▶ **DATA SUPPLIED**

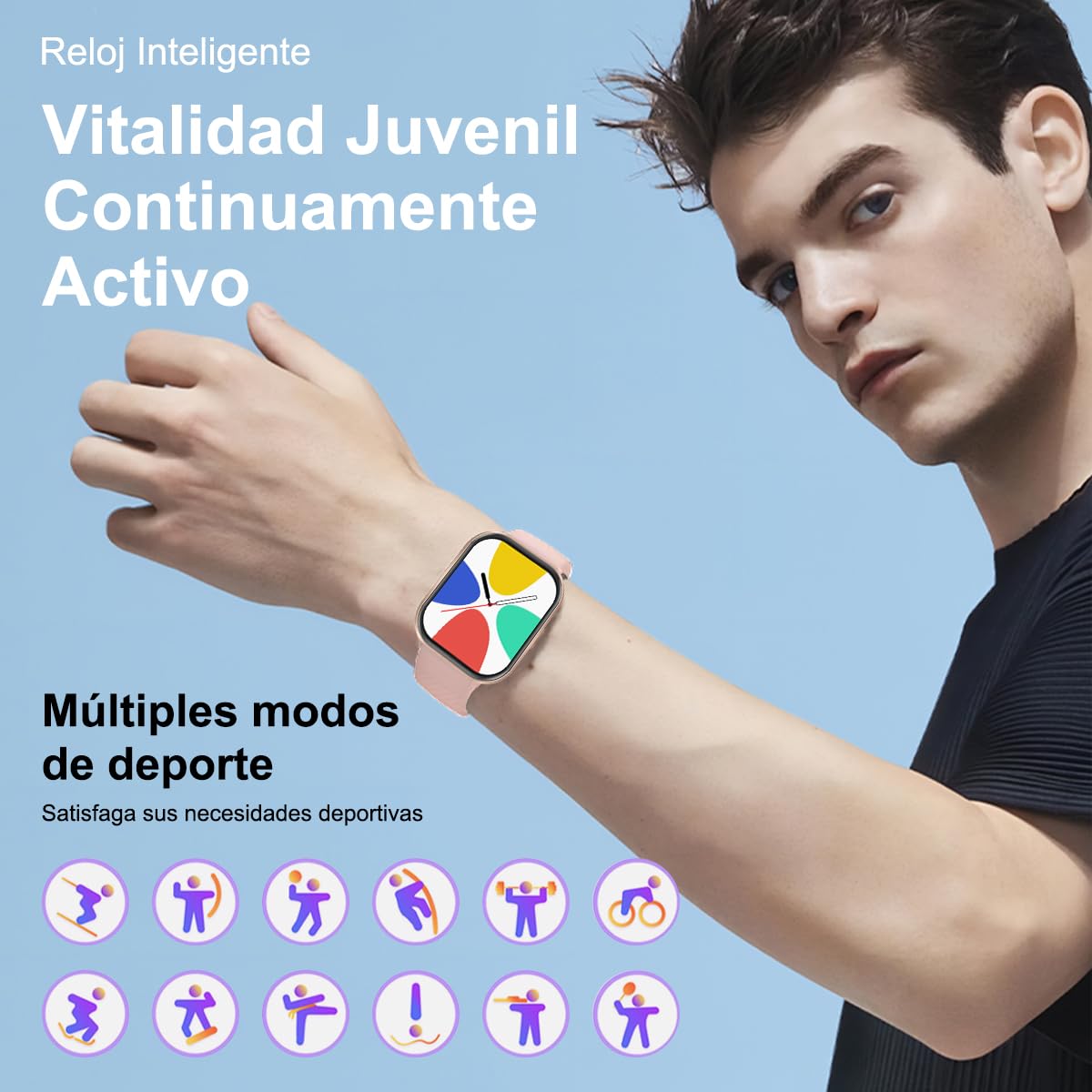 Smartwatch 2.01" Pantalla Grande EASYTAO , Reloj Inteligente Llamada Bluetooth, Impermeable IPX67, Monitor De Frecuencia Cardíaca/Oxígeno en Sangre/Presión Arterial.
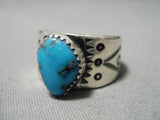 Important Jeanette Dale Vintage Native American Navajo Turquoise Sterling Silver Ring-Nativo Arts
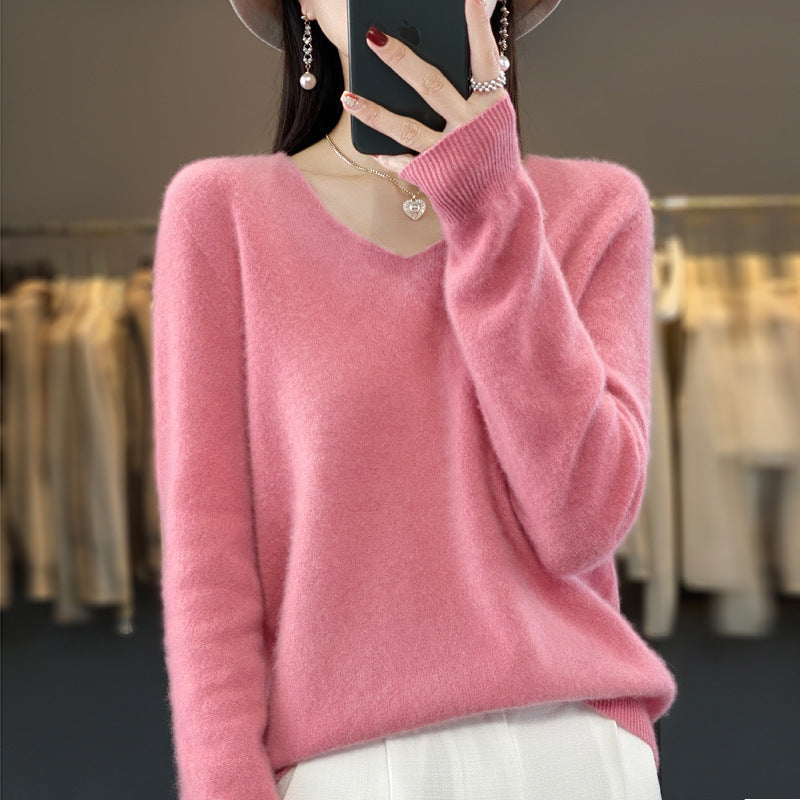 Women's V-Neck Wool Sweater - Solid Color Loose-Fitting Versatile Top for Autumn and Winter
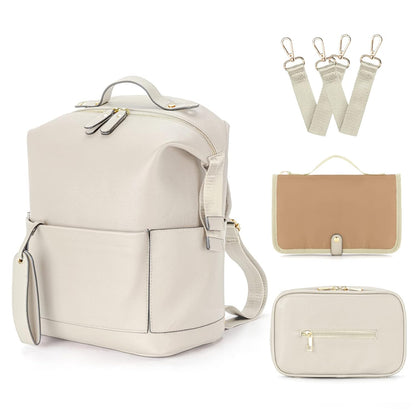 Diaper Bag Backpack, Waterproof Leather Diaper Bags With Changing Station for Baby, Fashion Nappy Travel Backpack for Mom Dad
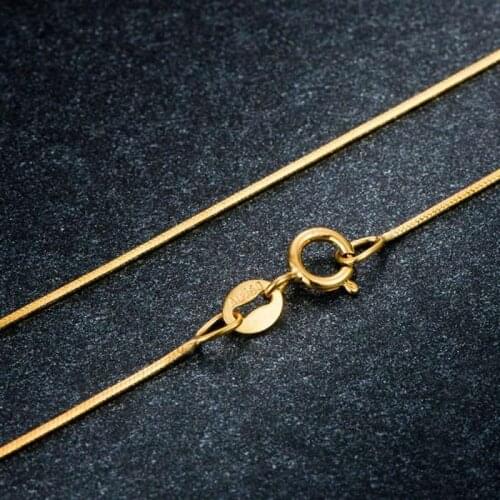 Pure 18K Yellow Gold Necklace Women Snake Chain Necklace AU750 Gold P6252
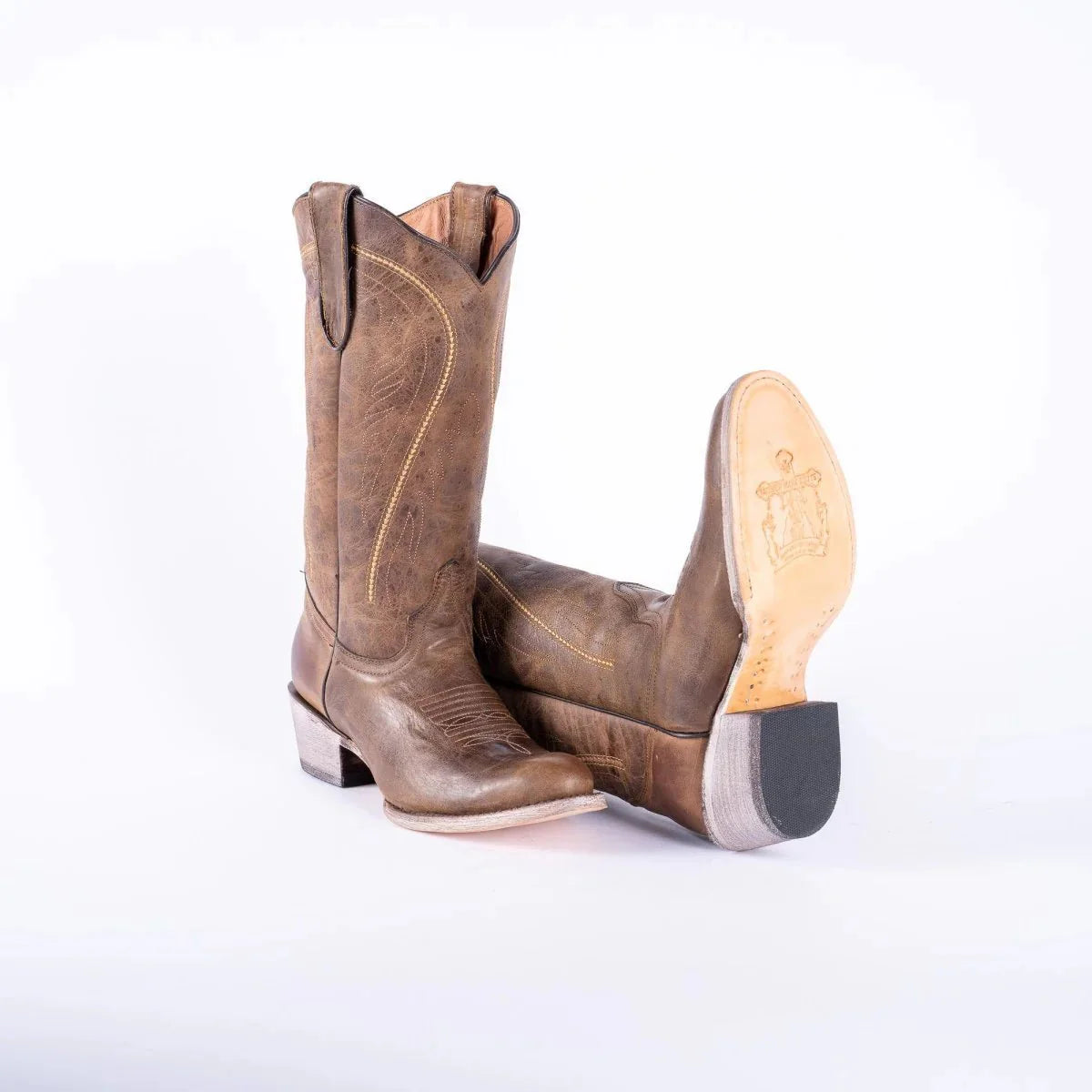 Tanner Mark Women's Savage Leather Round Toe Boots Brown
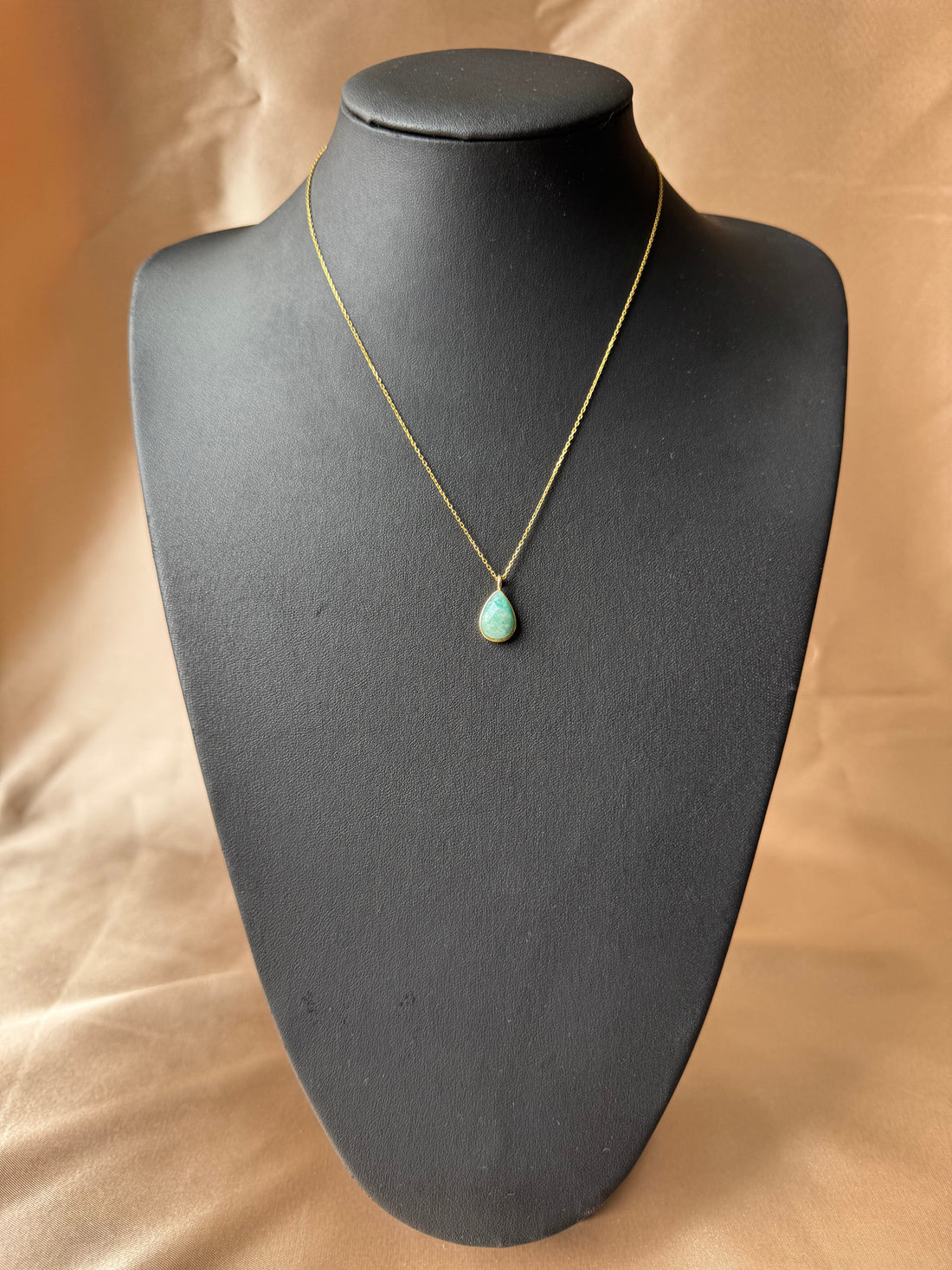 Amazonit Fasetli Damla Gold Kolye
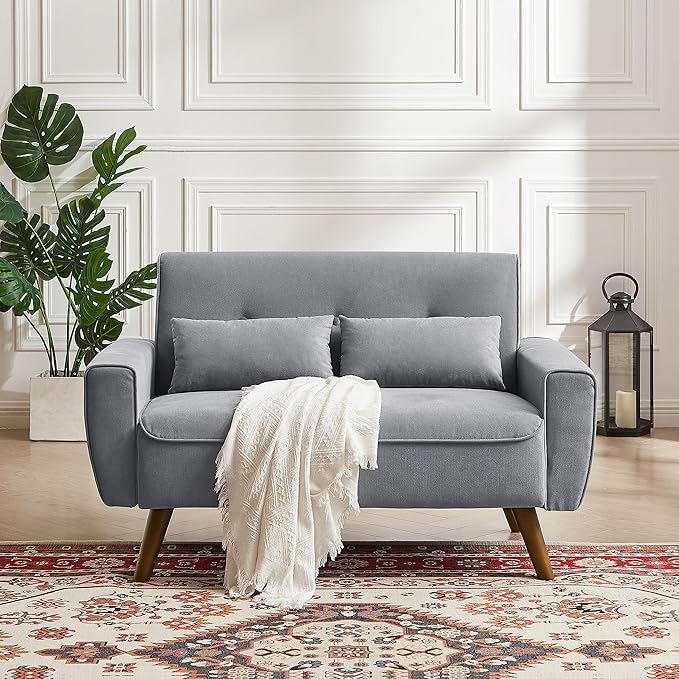 48" Loveseat Sofa, 2 Seater Love Seat Mid Century Modern Small Couches for Living Room Bedroom Apartment, 2 Throw Pillows and Plastic Legs, Light Grey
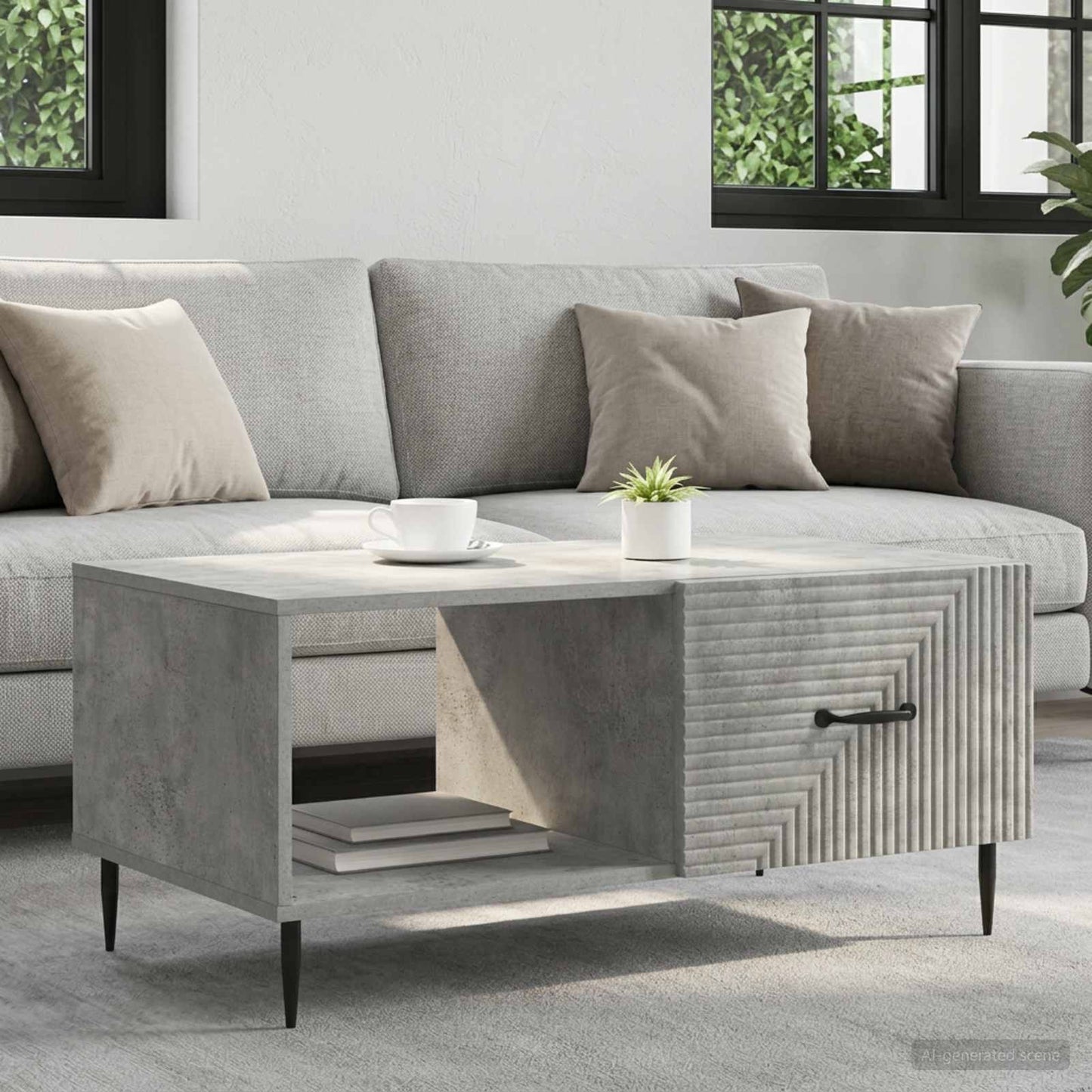 Tavolino da salotto Grigio Cemento 90 x 50 x 40 cm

▶ **WORK INSTRUCTION**
Every entry above needs to be retyped exactly; drop the pictures.

▶ **SOLUTION TO THIS EXERCISE**
 Smartwatch 2.01" Pantalla Grande EASYTAO , Reloj Inteligente Llamada Bluetooth, Impermeable IPX67, Monitor De Frecuencia Cardíaca/Oxígeno en Sangre/Presión Arterial.
 Important Jeanette Dale Vintage Native American Navajo Turquoise Sterling Silver Ring-Nativo Arts
 Women's V-Neck Wool Sweater - Solid Color Loose-Fitting Versatile Top for Autumn and Winter
 Diaper Bag Backpack, Waterproof Leather Diaper Bags With Changing Station for Baby, Fashion Nappy Travel Backpack for Mom Dad
 Pure 18K Yellow Gold Necklace Women Snake Chain Necklace AU750 Gold P6252
 Tanner Mark Women's Savage Leather Round Toe Boots Brown
 Amazonit Fasetli Damla Gold Kolye
 48" Loveseat Sofa, 2 Seater Love Seat Mid Century Modern Small Couches for Living Room Bedroom Apartment, 2 Throw Pillows and Plastic Legs, Light Grey
 Tavolino da salotto Grigio Cemento 90 x 50 x 40 cm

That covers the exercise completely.